The pricing of all commodities, and especially precious metals, is ultimately determined in derivatives markets.
These operate mainly through COMEX and CME.
In the long term, physical demand does indeed influence prices.
In the short term, however, prices are determined by futures contracts, where buyers and sellers speculate, hedge risks or engage in arbitrage.
Given that the overwhelming majority of these contracts are settled in cash, without physical delivery, prices are influenced more by the volume and positioning of financial participants than by immediate physical shortages.
This structure allows large institutions, hedge funds and algorithmic traders to influence price direction through leverage, often independently of real physical flows.
Naturally, two main factors drive speculators into precious metals markets.
The first is the narrative itself.
When prices rise, this often coincides with periods of uncertainty, such as when the Federal Reserve signals interest rate cuts, when real yields decline or when geopolitical tensions increase.

The self fulfilling prophecy
None of these conditions implies systemic collapse, but the narrative attracts institutional investors.
The second factor is price momentum.
As prices rise, the narrative strengthens and traders chase the move, creating a self reinforcing cycle that continues until it breaks.
Such phenomena have been observed repeatedly in the history of silver and each time were followed by a sharp correction.
Another issue is actual supply and demand.

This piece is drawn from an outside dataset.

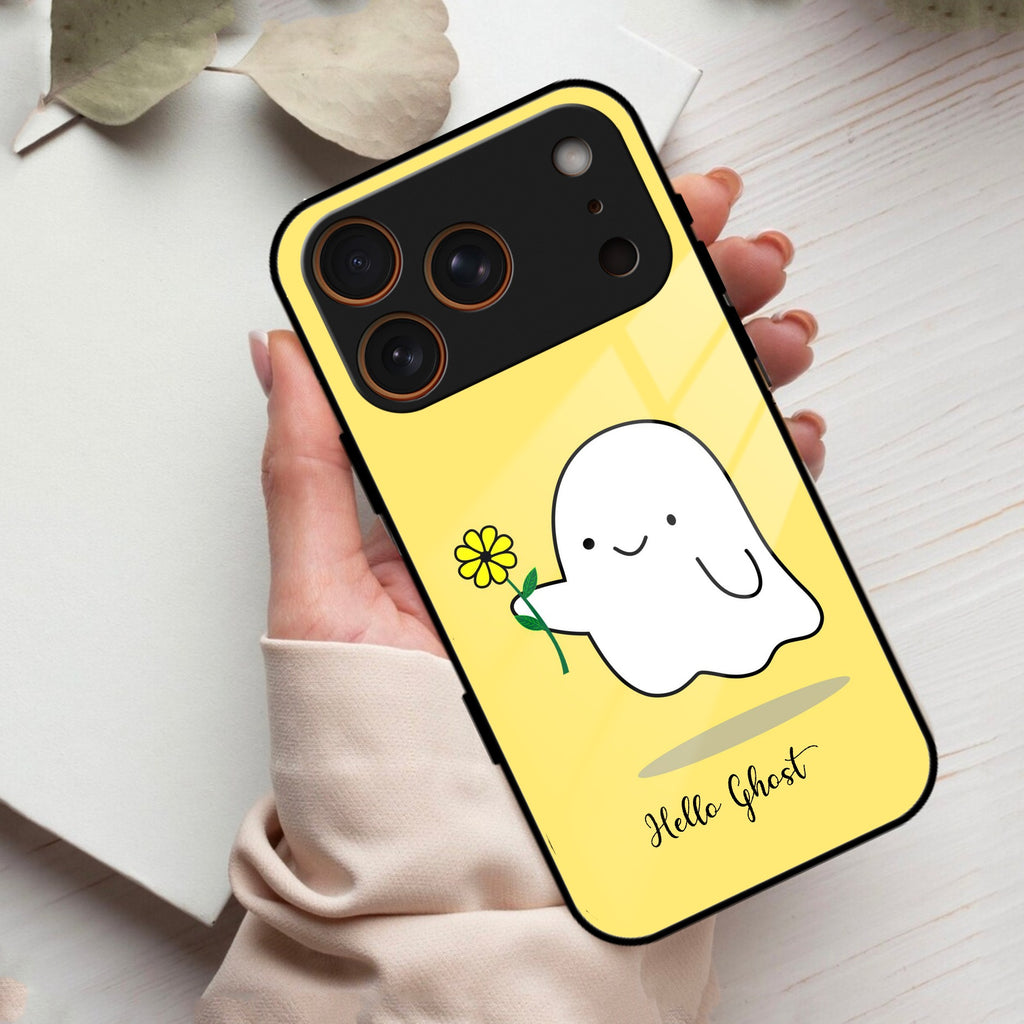 Ghost With Flower Glass Case Cover For iPhone 17 Pro Max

Silver, for example, plays a critical role in industrial production, electronics, photovoltaics and the automotive industry.

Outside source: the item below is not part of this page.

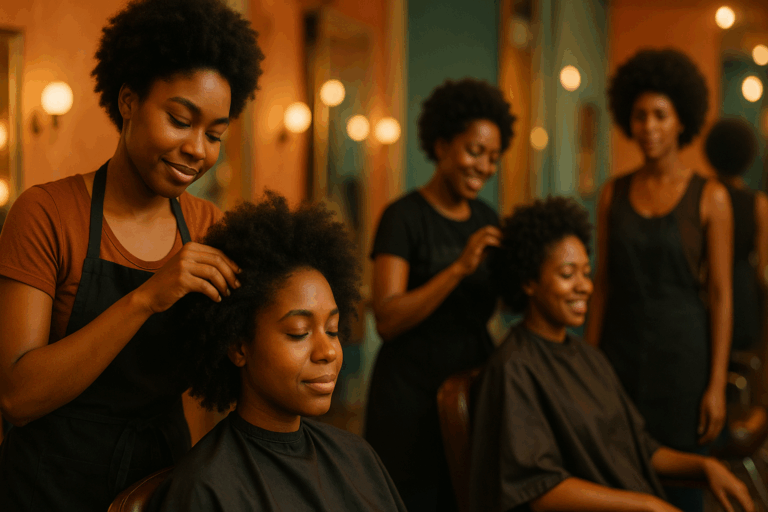 Salon de coiffure afro à succès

When prices rise sharply, costs for manufacturers increase, are passed on to consumers and ultimately constrain demand.
This reduces industrial demand for silver, while at the same time high prices encourage increased production from mines.

In other words:
The cure for high prices is high prices.
Finally, the markets themselves impose limits.

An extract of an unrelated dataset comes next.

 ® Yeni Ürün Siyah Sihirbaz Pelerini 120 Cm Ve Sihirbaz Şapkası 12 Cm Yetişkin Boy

When prices surge, COMEX and CME raise margin requirements to reduce systemic risk.
Despite claims of manipulation, this is a fundamental stabilization mechanism.
As early as the beginning of December, the CME has raised margin requirements more than once, as had happened in 2011 before the mean reversion of prices.
Margin is the collateral deposit capital that an investor must have to open or maintain a position in futures or other derivatives.
It is not the cost of purchase, but security to cover potential losses.

As for claims of a collapse of fiat currencies, there is no evidence to support them.
If such a collapse were occurring, yields on United States government bonds would be surging, rather than posting a positive total return in 2025, although recent developments do not point to positive trends.
Inflation and inflation expectations also do not indicate a collapse of confidence in the dollar.
The reality is that the dollar remains the global reserve currency, while the euro and the yen continue to function normally, for now.
Extreme forecasts of 200 dollar silver and 10,000 dollar gold are not supported by supply and demand fundamentals and would require a monetary event of unprecedented magnitude, for which today there are only indications.
We could not bet that it is impossible.